[PROBLEM STATEMENT]: Write out, exactly as they appear, only the lines running from the line with "Resim Zincir kordon, Apple" to the final line of the listing; include both.
────────
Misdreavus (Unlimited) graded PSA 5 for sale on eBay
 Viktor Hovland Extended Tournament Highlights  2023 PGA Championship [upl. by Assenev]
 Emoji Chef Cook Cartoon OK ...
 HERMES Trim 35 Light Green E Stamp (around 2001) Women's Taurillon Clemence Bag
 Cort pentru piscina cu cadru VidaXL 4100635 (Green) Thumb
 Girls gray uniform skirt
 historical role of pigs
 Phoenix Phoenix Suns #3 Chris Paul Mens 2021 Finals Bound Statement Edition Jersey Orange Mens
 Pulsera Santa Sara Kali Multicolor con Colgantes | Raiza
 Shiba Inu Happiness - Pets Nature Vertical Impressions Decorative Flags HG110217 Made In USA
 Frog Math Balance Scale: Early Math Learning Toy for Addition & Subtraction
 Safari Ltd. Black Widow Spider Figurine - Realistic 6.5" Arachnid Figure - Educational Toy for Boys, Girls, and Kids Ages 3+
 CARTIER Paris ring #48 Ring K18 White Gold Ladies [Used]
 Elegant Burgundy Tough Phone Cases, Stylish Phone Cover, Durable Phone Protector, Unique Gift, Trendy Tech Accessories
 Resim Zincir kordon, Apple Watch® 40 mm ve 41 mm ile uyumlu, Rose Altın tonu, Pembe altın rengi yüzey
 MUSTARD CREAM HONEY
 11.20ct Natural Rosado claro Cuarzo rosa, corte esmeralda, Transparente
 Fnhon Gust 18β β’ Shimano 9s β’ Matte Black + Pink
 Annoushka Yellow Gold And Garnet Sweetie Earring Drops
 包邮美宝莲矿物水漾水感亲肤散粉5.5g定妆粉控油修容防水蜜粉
────────
[EXERCISE RESULT]:
 Resim Zincir kordon, Apple Watch® 40 mm ve 41 mm ile uyumlu, Rose Altın tonu, Pembe altın rengi yüzey
 MUSTARD CREAM HONEY
 11.20ct Natural Rosado claro Cuarzo rosa, corte esmeralda, Transparente
 Fnhon Gust 18β β’ Shimano 9s β’ Matte Black + Pink
 Annoushka Yellow Gold And Garnet Sweetie Earring Drops
 包邮美宝莲矿物水漾水感亲肤散粉5.5g定妆粉控油修容防水蜜粉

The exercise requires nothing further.